Can this be done with early Win95 and possibly Netscape 4.5 or Internet Explorer using wildcard commands? If all fails, I can get a friend to write a perl script to download the data (shouldn’t a Unix program be able to do this w/o a script?), but I’d rather do it myself.
i’d recommend a program called offline explorer…or web snake. both of them can mirror sites. so set it to go one night, grab the whole site, and then maybe manually grab each thread as it’s closed.
nice thing about those programs is that you can set them to download *.jpg or *.gif or what ever (a boon to when you download porn, er, clip art) or .txt or whatever format you want, or the whole site. and you can tell them to download however many ‘clicks’ you want, and, at least with offline explorer, you can tell it to not download anything off of the main site, so it won’t ‘click’ on any banners.
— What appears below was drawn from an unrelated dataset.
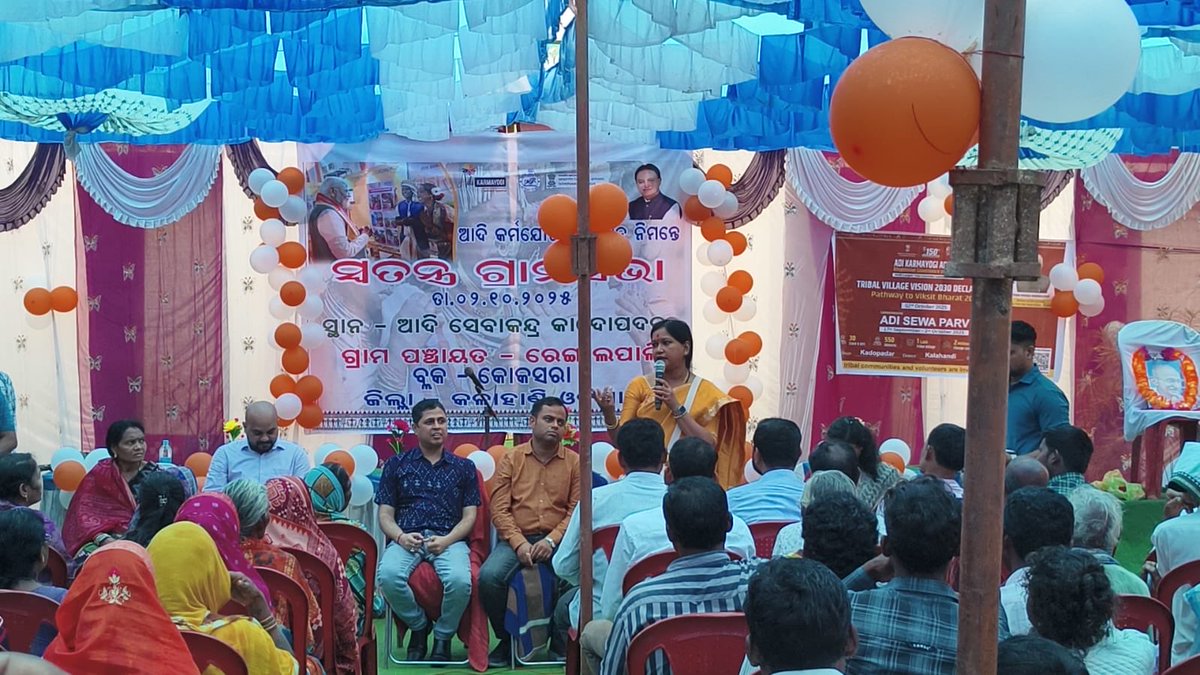 varnalideka's tweet image. 1/3 It has been a privilege to engage with India’s diverse tribal communities.  Of all my job profiles, Grassroots work continues to excite me the most. As State Prabhari for Odisha, I’m fortunate to travel to remote tribal regions across the Eastern Ghats &amp;amp; Reserve Forests.
#AKA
That’ll work, ubermensch! I downloaded the program, and while I haven’t figured out how to restrict levels (what I need is several levels down from the top, but not all the way down), it looks like this is what I need. I guess another hard drive to store all this is next. Thanks!
If you have a copy of MS Office, it includes FrontPage, which has an import ability. You give it a top page, the depth you want to go and a size limit, and it’ll suck in a web site. You can then pare to your needs.
If the website you’re going to download these archived files from has a simple index page, or allow directory listing, a simple batch download utility will do the trick. Offline browsers are great, but they may get unecessarily complicated. I’d recommend something like Go!Zilla (you want the link leecher specifically), which can work better than offline browsers in some instances. It’s also free, if that matters…
Everyone, thanks for the suggestions. As of yesterday, they went back to giving each post a new number, so the need for a second archive site is gone.
The strange thing is that I can’t access the archived posts. Running a browser, you just click on an archive page which has a tar###.shtml filename, then click on whatever post (.shtml file) you want. With Offline Explorer, I’ve left the archive settings open, changed the starting URL, &c, &c, and I still can’t get any of the posts from the archives to download. The archive directories load just fine.
As far as I can tell, the guys who own the site have lost interest in it and pay the bills more as a courtesy to the participants. They rarely return e-mail, so I don’t think I could get an ftp address from them.
Anyway, it’s a moot point now. Just for the hell of it, I’ll probably play around with this. Go!zilla, here I come!